THE PATTANI provincial prosecutor has formally ended a criminal defamation case against Amnesty International Thailand chairperson, Pornpen Khongkachonkiet, and two other human rights activists, Somchai Homla-or and Anchana Heemmina.



Amnesty’s regional director said it was “heartening” that the charges against “three brave human rights defenders have finally been dropped”, but added that Thailand needed to stop retaliating against people for simply telling the truth. 

James Gomez, Amnesty International director of Southeast Asia and the Pacific, said the charges should not have been brought in the first place. 

“Pornpen Khongkachonkiet, Somchai Homla-or and Anchana Heemmina did nothing but stand up, peacefully, for the rights of others, and it is outrageous to think they could have faced jail time simply for exposing torture by the military,” Gomez said.

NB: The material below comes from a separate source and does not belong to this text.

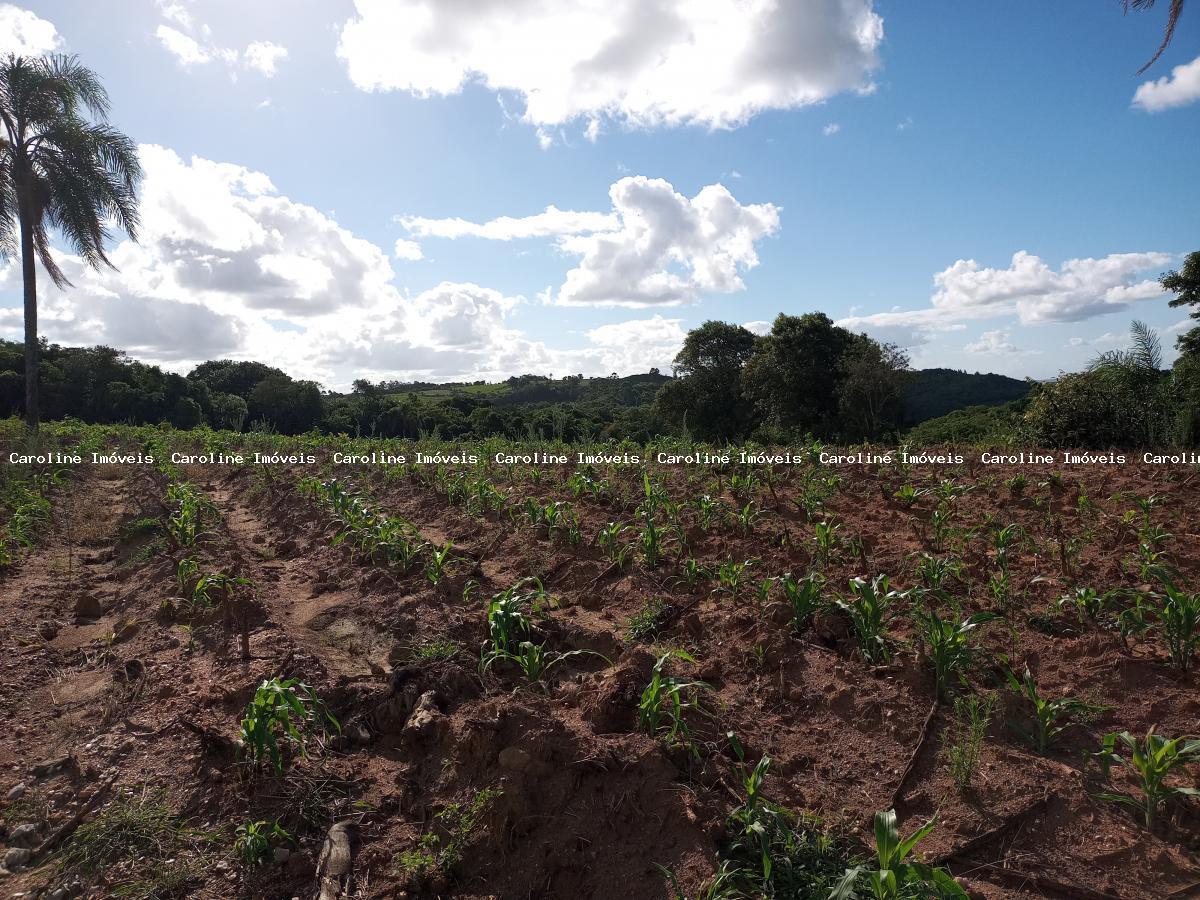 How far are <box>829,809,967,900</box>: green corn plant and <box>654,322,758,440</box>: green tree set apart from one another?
2274 cm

The Thai government had a responsibility to ensure human rights defenders could do their work “without fear of retaliation”, Gomez said. “All charges must be dropped against those who are imprisoned or facing criminal proceedings merely for exercising their human rights peacefully.

“The Thai government must also immediately decriminalise defamation, as these laws are often used to prosecute those reporting torture and other rights violations,” Gomez said.

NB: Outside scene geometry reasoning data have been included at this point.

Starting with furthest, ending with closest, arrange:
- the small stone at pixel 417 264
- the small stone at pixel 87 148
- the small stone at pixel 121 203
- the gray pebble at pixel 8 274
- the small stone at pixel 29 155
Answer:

“Even if a case does not go to trial, the filing of criminal complaints and charges are [sic] a potent form of harassment that has a chilling effect on freedom of expression.” 

In February 2016, the Cross-Cultural Foundation and Duay Jai (Hearty Support) Group published a joint report alleging 54 cases of torture and other ill treatment by the Royal Thai Police and Royal Thai Army in Thailand’s southern provinces.

 Three months later, the Internal Security Operations Command Region 4, which is responsible for security operations in the area, initiated criminal defamation and computer crimes charges against the three human rights activists who edited the report.

In March 2017, after campaigning by Amnesty International and other human rights organisations, military officials stated that they would withdraw the charges. However, prosecutors did not formally drop defamation charges until Wednesday.

In recent years, Thai authorities have targeted many activists, human rights defenders, journalists and other members of Thailand’s civil society as part of a systematic crackdown on government critics.